(RECORDS PROVIDED)
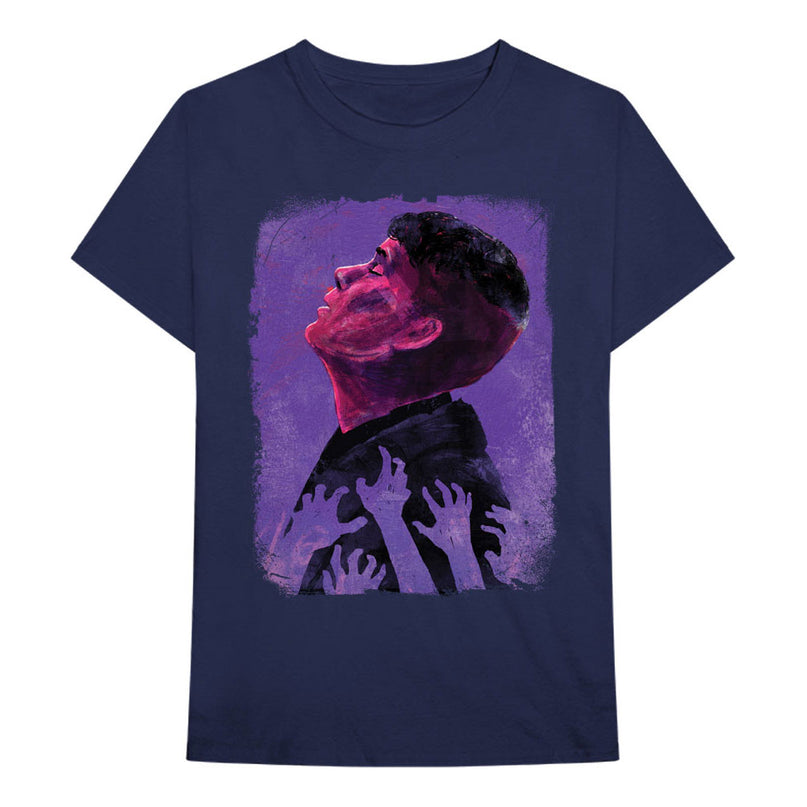 Peaky Blinders T-Shirt | Dragging Tommy Down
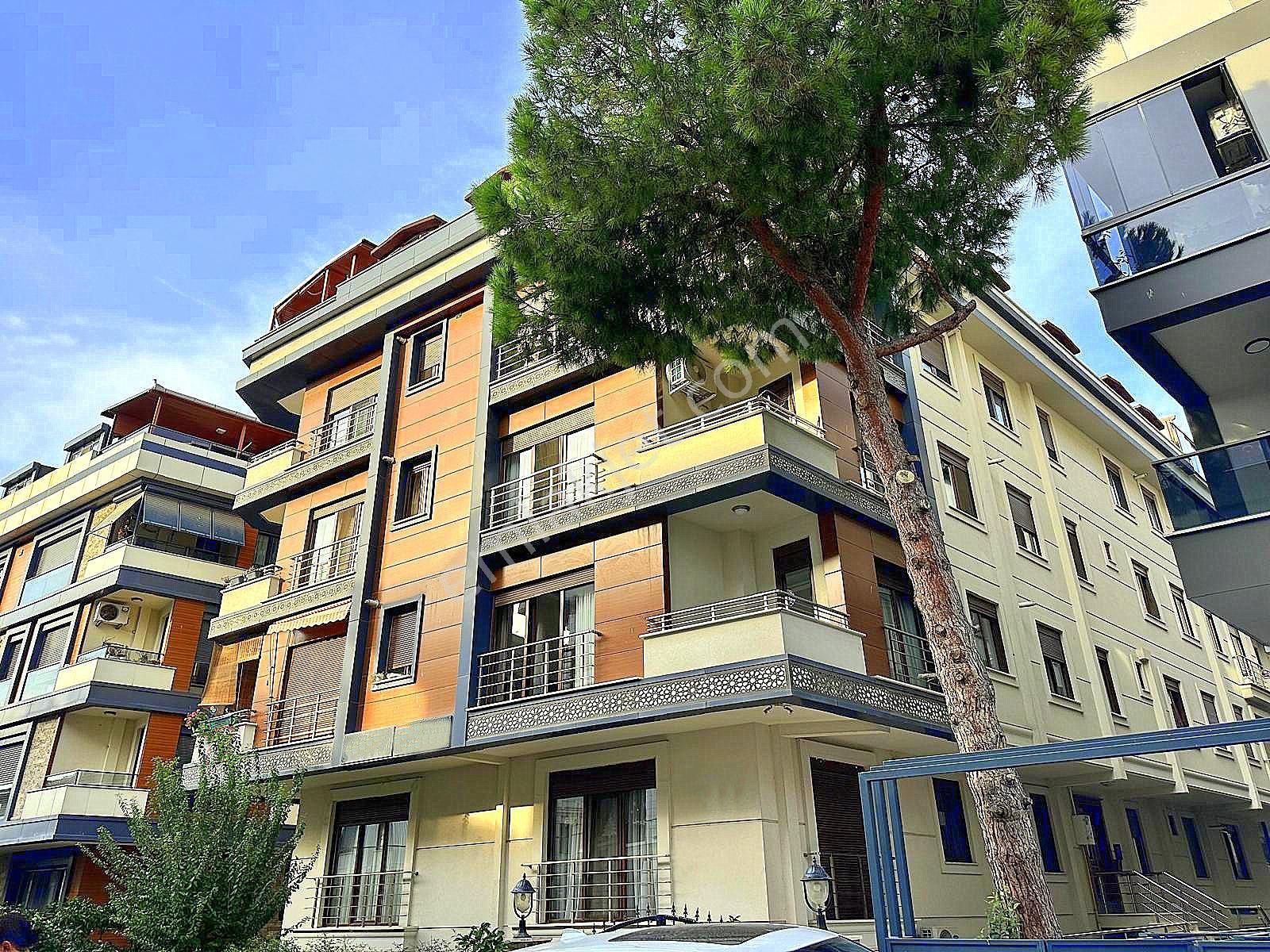 ▃birikim▃çamlık Sahilde 2.katta Ebeveyn Banyolu Ön Cephe Boş 3+1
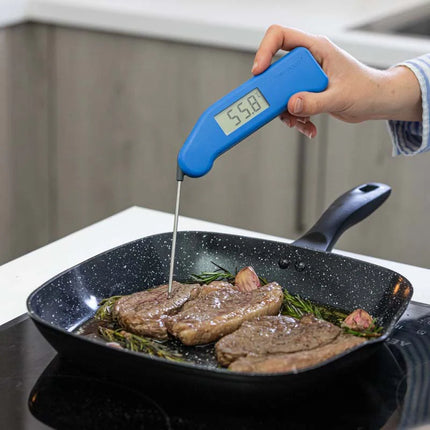 Thermapen Classic Blauw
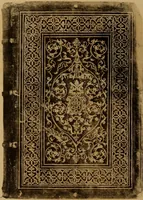 An illustration from Das Alte buch und seine ausstattung vom XV. bis zum XIX. jahrhundert: buchdruck, buchschmuck und einbände (1915)
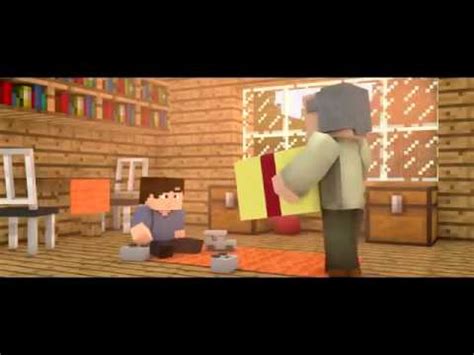 La Animaci N Mas Triste De Minecraft El Perro Mas Valiente Youtube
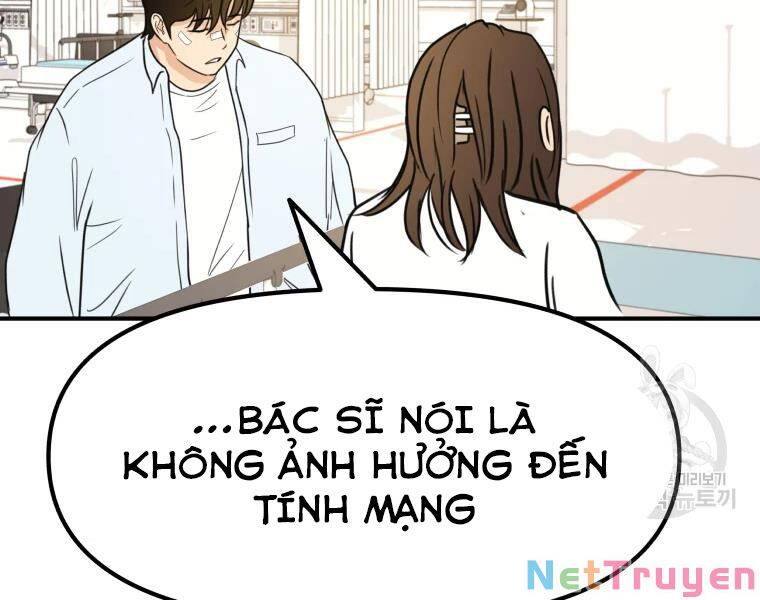 Bạn Trai Vệ Sĩ Chapter 39 - Trang 21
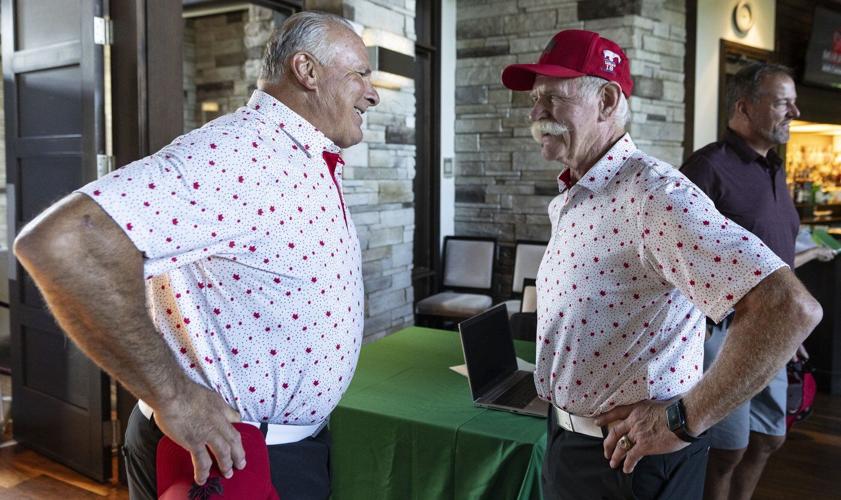 'Best team ever formed': Legends from 1976 Canada Cup team reunite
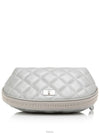 women pouch bag - CHANEL - BALAAN 7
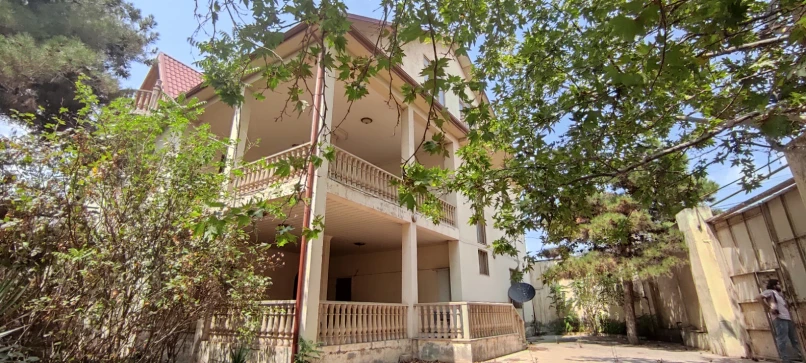 İcarə obyekt 550 m², Sabunçu q.-1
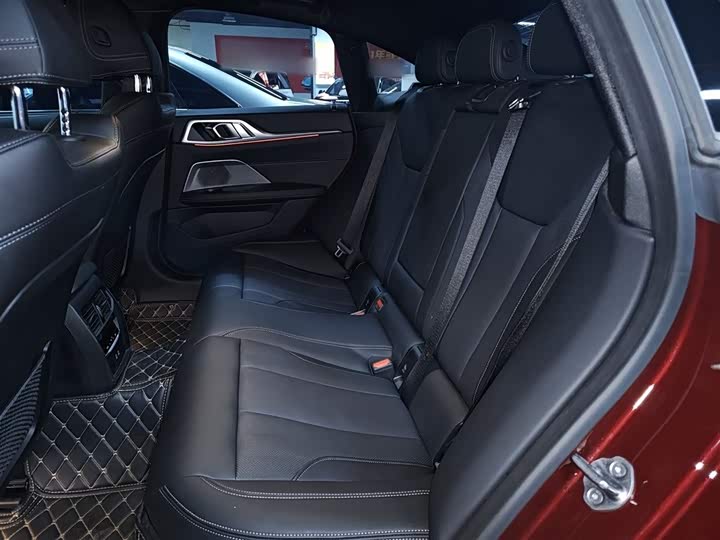 Фото 17 - BMW 4 Series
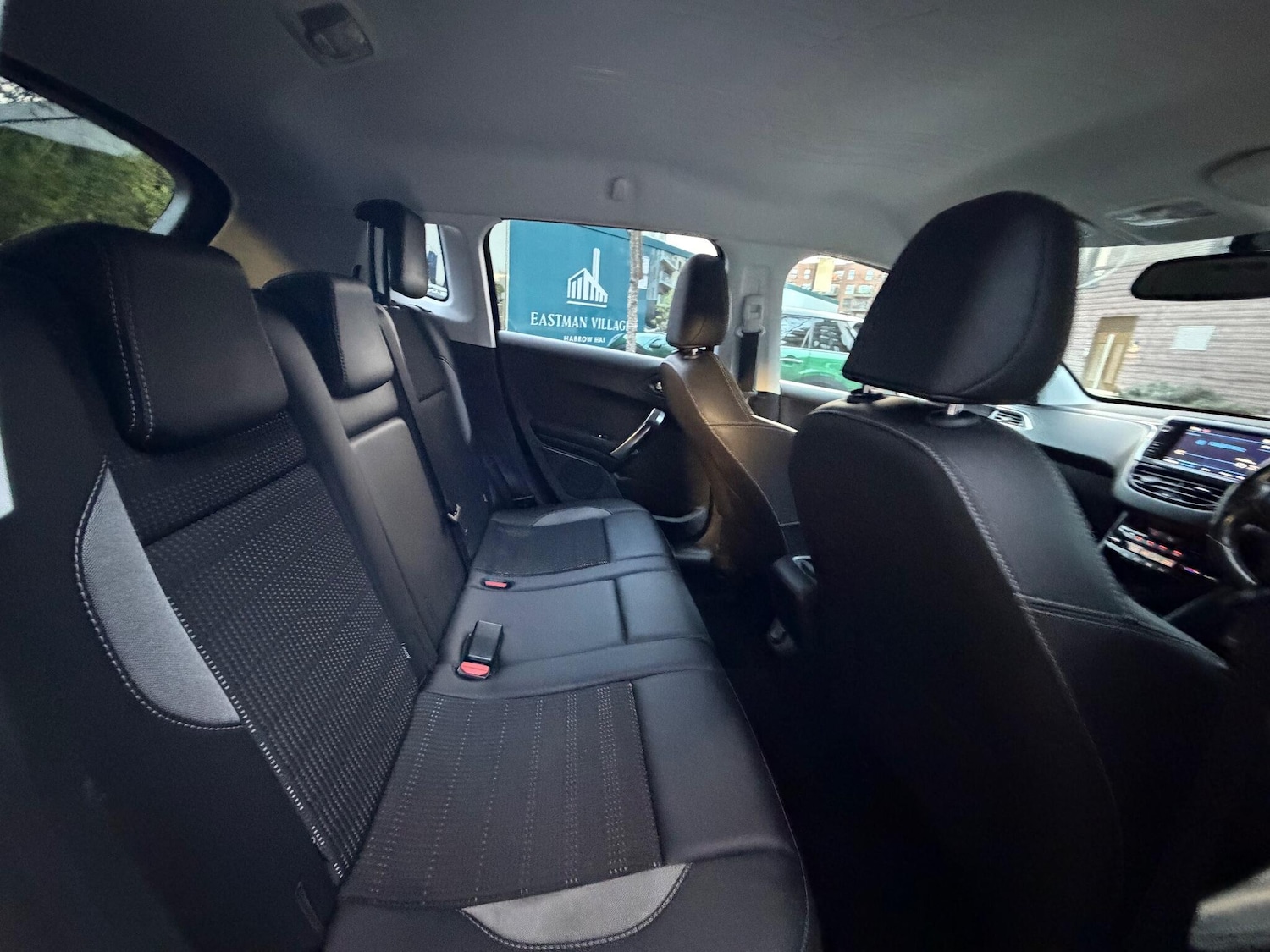 Used Peugeot 2008 2017 for sale - 76913201: Photo 22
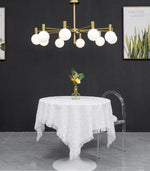 Selva Chandelier - Lamp Outdoor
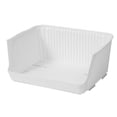thumbnail image 4 of Caja de almacenamiento de ropa interior de calcetines, caja de almacenamiento organizadora de cajones de ropa interior de calcetines, organizador de, 4 of 9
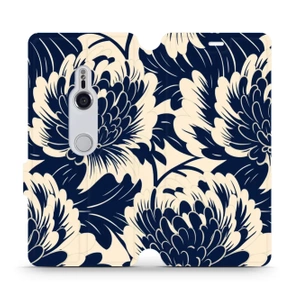 Hülle für Sony Xperia XZ3 - Farbe VA40S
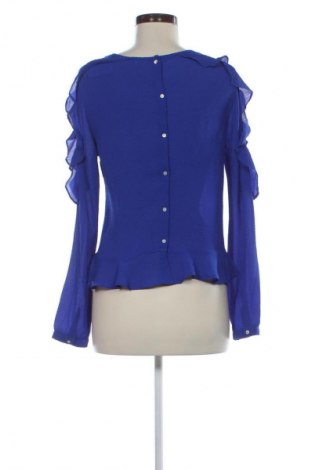 Damen Shirt Passion, Größe S, Farbe Blau, Preis € 5,99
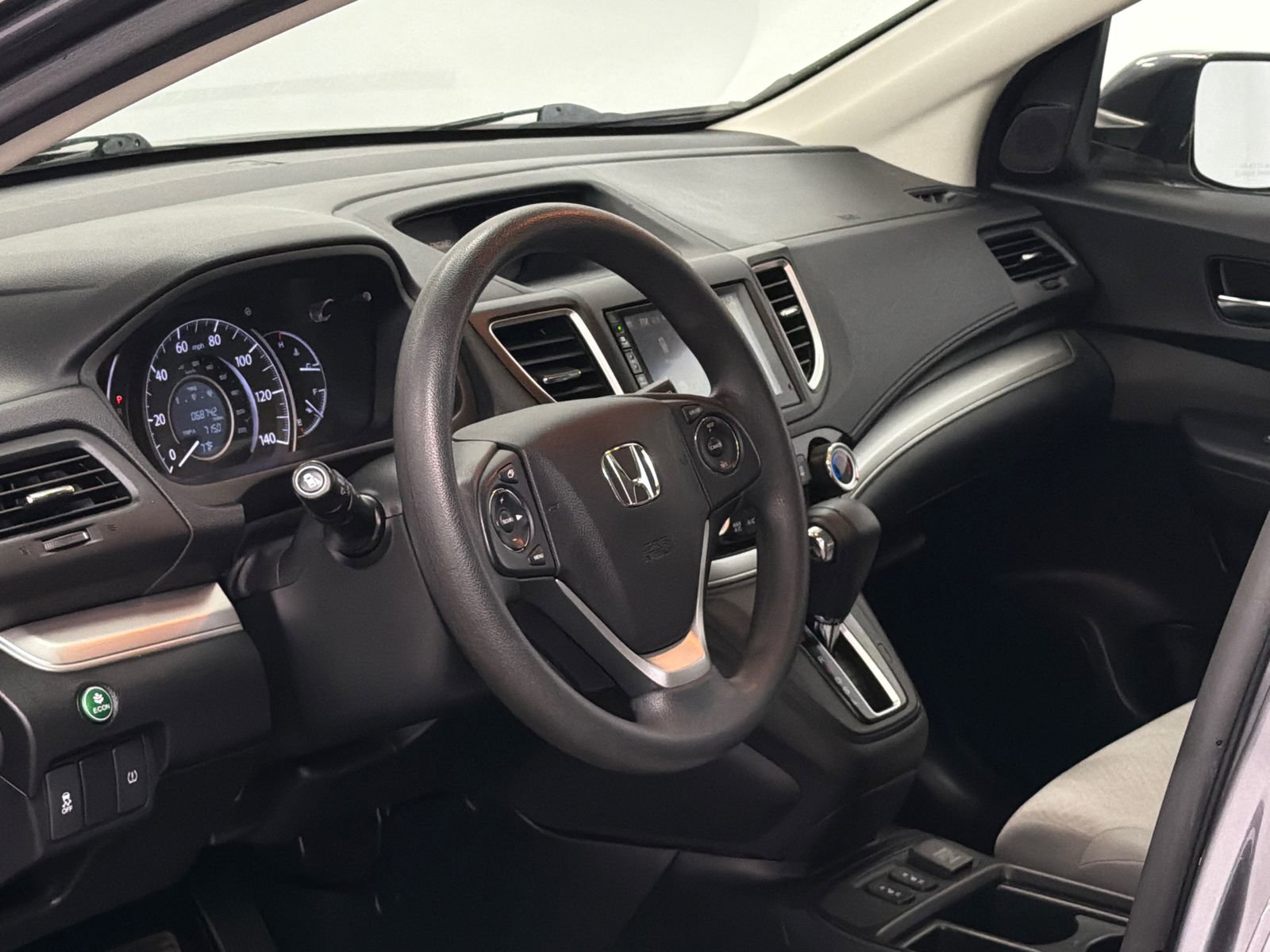 Used 2016 Honda CR-V EX image 14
(End RECORDS PROVIDED)
*ACTIVITY*: Using the data above, retype exactly the lines from the line with "Bạn Trai Vệ Sĩ Chapter 39 - Trang 21" to the line with "thumbnail image 4", inclusive. No pictures and nothing else.

*RESULT BELOW*:
 Bạn Trai Vệ Sĩ Chapter 39 - Trang 21
 'Best team ever formed': Legends from 1976 Canada Cup team reunite
 women pouch bag - CHANEL - BALAAN 7
 İcarə obyekt 550 m², Sabunçu q.-1
 Фото 17 - BMW 4 Series
 Used Peugeot 2008 2017 for sale - 76913201: Photo 22
 Selva Chandelier - Lamp Outdoor
thumbnail image 4 of Caja de almacenamiento de ropa interior de calcetines, caja de almacenamiento organizadora de cajones de ropa interior de calcetines, organizador de, 4 of 9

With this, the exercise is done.